Do others hear this more these days, or am I just overly sensitive?


----------



## pob14

I have _only_ ever used "prodigal son" to mean someone who left (generally intending not to return) and came back.  I had no idea the word itself meant "wasteful."


----------



## JulianStuart

Thanks for that - the transition is not just a rare event if a response within 8 minutes on this forum confirms its existence


----------



## Myridon

Actually, I thought that was what it meant until sometime last year.  I think it was another thread on this forum that caused me to look it up.
Most Bible translations that don't call him the prodigal son call him the lost son and I haven't seen one that has "the wasteful son". I suppose they use "lost" for symmetry because Luke 15 contains the parables of the lost sheep, the lost coin, and the X son.


----------



## owlman5

I think you're onto something, Julian.  Searching through TMC* from 1980-2000,  I found these examples:

In the " technical " events -- slalom and giant slalom -- Kristina Koznick, the *prodigal* child of the women's team, is returning home in great form. 
But like Adam Carrington on Dynasty, Star went *prodigal*. He struck out on his own, becoming a critical hit with Sex and...
Can *prodigal* corporate founders go home again? In the volatile tech industry, necessity sometimes heals...
It was not a reunion of The Group that brought the *prodigal*  daughter back from Paris to her alma mater, but an invitation to  celebrate her 70th birthday by being Vassar's first " Distinguished  Visitor. "
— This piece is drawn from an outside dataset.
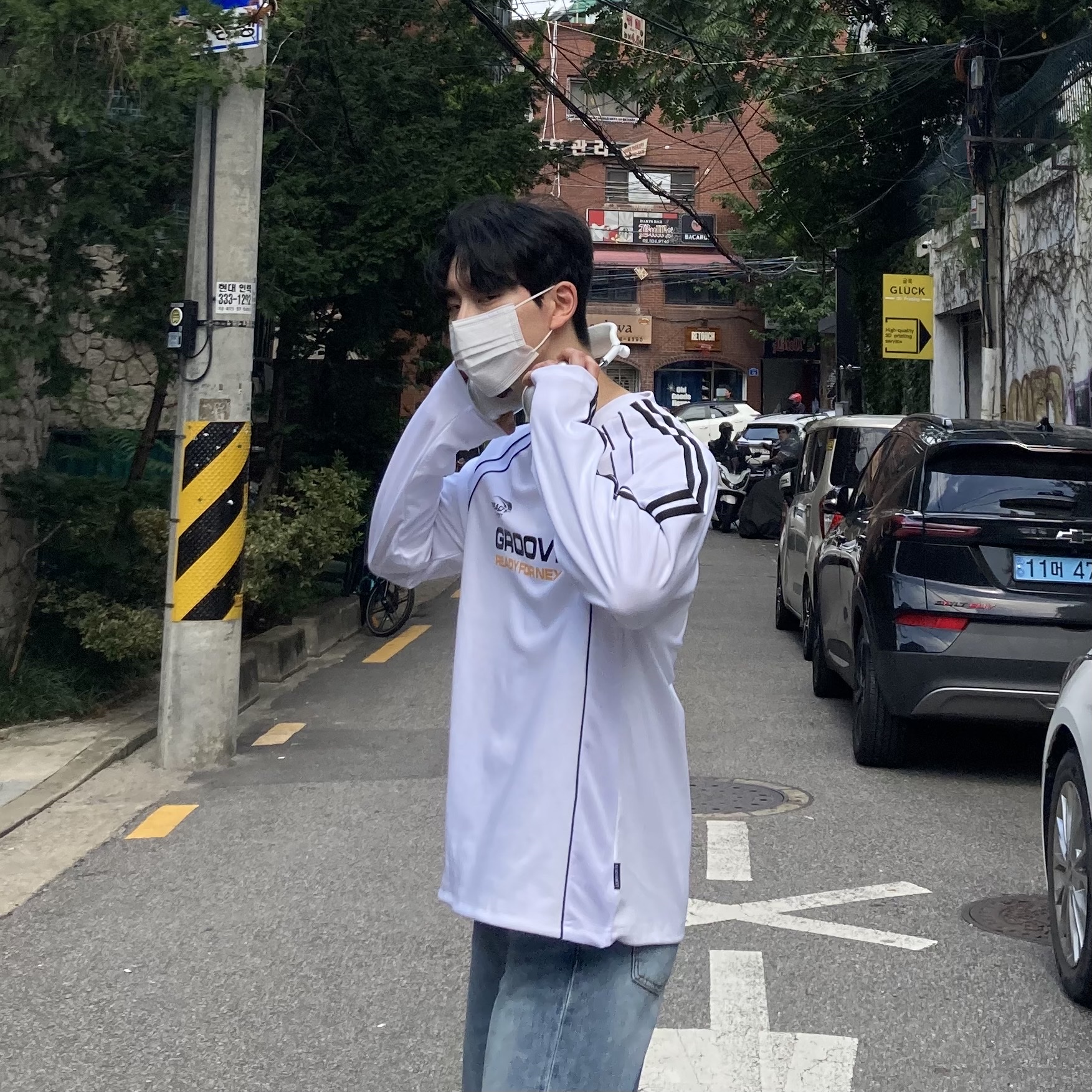 Apple AirPods Max Lightning Silver (Korean Ver.), Nike Air Force 1 '07 Low White 착용 스타일 - 5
In this collection, "prodigal" seems to be used fairly often to describe people who have left something and then returned or who have been invited to return.  The dictionaries I checked had not yet come up with a standard definition for this sort of thing.  They all offer "wasteful" or "lavish" in their definitions for the word.  Writers seem to be borrowing the "strayed and then returned" idea directly from the biblical story.

*Time Magazine Corpus


----------



## Myridon

The Word Reference dictionary has:
"noun - a prodigal person. - (also prodigal son or daughter) a person who leaves home to lead a prodigal life but returns repentant"
(I love definitions that contain the word that they are trying to define.  )


----------



## Fabulist

I had no idea that people were using it to mean "going away and coming back."  I only have known it to mean "sinfully wasteful."  If people were going to shift the meaning by making unwarranted assumptions (see "disinterested"), I would expect them to use it to mean either "prodigious" or "related to being a prodigy."


----------



## JulianStuart

Myridon said:


> The Word Reference dictionary has:
> "noun - a prodigal person. - (also prodigal son or daughter) a person who leaves home to lead a prodigal life *but returns repentant*"
> (I love definitions that contain the word that they are trying to define.  )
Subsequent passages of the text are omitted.